Whether you wake up groggy or with a hectic morning scramble or just a quiet start to your day, you make a meal that suits you. One that is comfortable and easy.
And you do this with little thought. You know where everything is. You know how your stove works, how many seconds to put the microwave for, when you push down the toaster you get bread toasted to the correct level.
Your coffee is made just the way you like it.
Unless you’re in an unfamiliar kitchen with food from somewhere else using kitchenware that you don’t know. Not having your coffee and your creamer is rough.
There are two things that martial artists can take from this example of a morning routine.
Firstly, we look at your normal routine. Your core techniques should be as ingrained into you as your morning breakfast routine. This means that you can preform them even when you are not at your fully awake and energized self. If your son needs a form signed or your daughter needs her jersey for today’s game, you are comfortable and confident in your routine and these small adjustments are easily handled.

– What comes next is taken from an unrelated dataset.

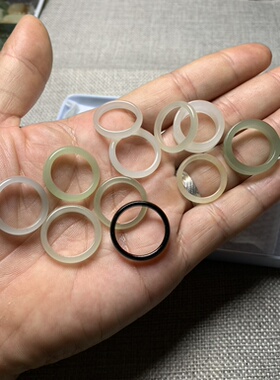 天然和田玉精品冰白玉烟紫湖水绿碧玉直切素圈戒指细圆条戒圈跑环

A technique, whatever it is, should be applicable to a high level even when you are at a low level of readiness for it to be considered a “core” element of your repertoire.
If you need to warm up, wake up, and get into the groove to preform a technique, then it isn’t a core element.

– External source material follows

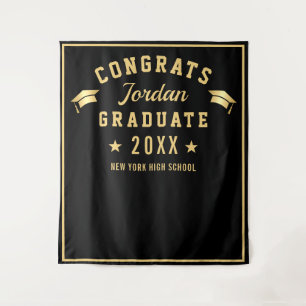 Modern Gold Black Graduation Photo Booth Backdrop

Core techniques are those you rely on when in need. The things you fall back on in a crisis. If you get jumped after a long day of work or later at night or when you’re feeling a bit ill, these are the movements that should have a high level of effectiveness in an altercation against a determined assailant.
This also applies to sport martial arts. If you are tired or up against the ropes or get your bell rung, then these should be your go to techniques that you fall back on.
No attacker is going to give you a 20 minute warm up period or let you try it a few times first to get the feel of it.
As you age, these core techniques should still have their effectiveness. If you won’t be able to do the technique in another few decades, it probably won’t work if you’re not able to bring all of your youth and vitality to bear.
Secondly, there is the not normal routine. The second thing we can learn from our morning breakfast routine is that sometimes it’s good to mix things up.
When traveling, you can stay with family or friends in an unfamiliar kitchen. The layout, food, kitchenware is all different.
A 10 minute breakfast routine you do while mentally gearing up for the day ahead is turned into 30 minutes of focused effort that gives you a less than desired breakfast and you have yet to organize your thoughts for the day ahead. And you’re late.
Picking out suitable food for your morning palate from the hotel breakfast buffet or off the menu at some restaurant can be equally difficult and frustrating.
But it isn’t all bad.
Sometimes, in a need to find a substitute for your tried and true breakfast choice, you find something new. This becomes something that you add to your regular breakfast. It augments what you made before, making it new and fresh.
We are also forced into being present, in the moment. Instead of focusing on what is happening next while absently preparing our breakfast, we are forced into the here and now. To be present in the moment and focus on the necessity of now.
When we look at our core techniques, we see that mixing things up can give us stimulus. A departure from stagnation. Change. Exploration. Growth.
Maybe when moving with others, you try out their movements, discovering an element that fits nicely with what you already do. Maybe it’s a variation, maybe it’s something that fits smoothly into a combination you already do, or maybe it sets up a movement better, or allows you to transition better. Something.
By working with unfamiliar movements, you also return to your building, learning self. This is the aspect that allowed you to cultivate your core elements in the first place. Returning to this environment allows you to boost that aspect of yourself, aiding your further and continued growth.
Lastly, we can step into the moment and extend it to lengthy enjoyment. Instead of a quick cup of coffee or tea or smoothie on the go as you head off to work, you get the luxury of a lengthy enjoyment of your beverage.
To sit in the morning sun and just enjoy each sip is something we don’t always get. This is a welcome change and often one of the most enjoyable parts of a vacation. The ability to enjoy a simple thing. To spend time with your morning coffee.
We take time to just savor the moment and be fully present in it. In our training, we don’t always devote time to just enjoy a technique.
No need to do anything.
Just comfortably enjoy the movement.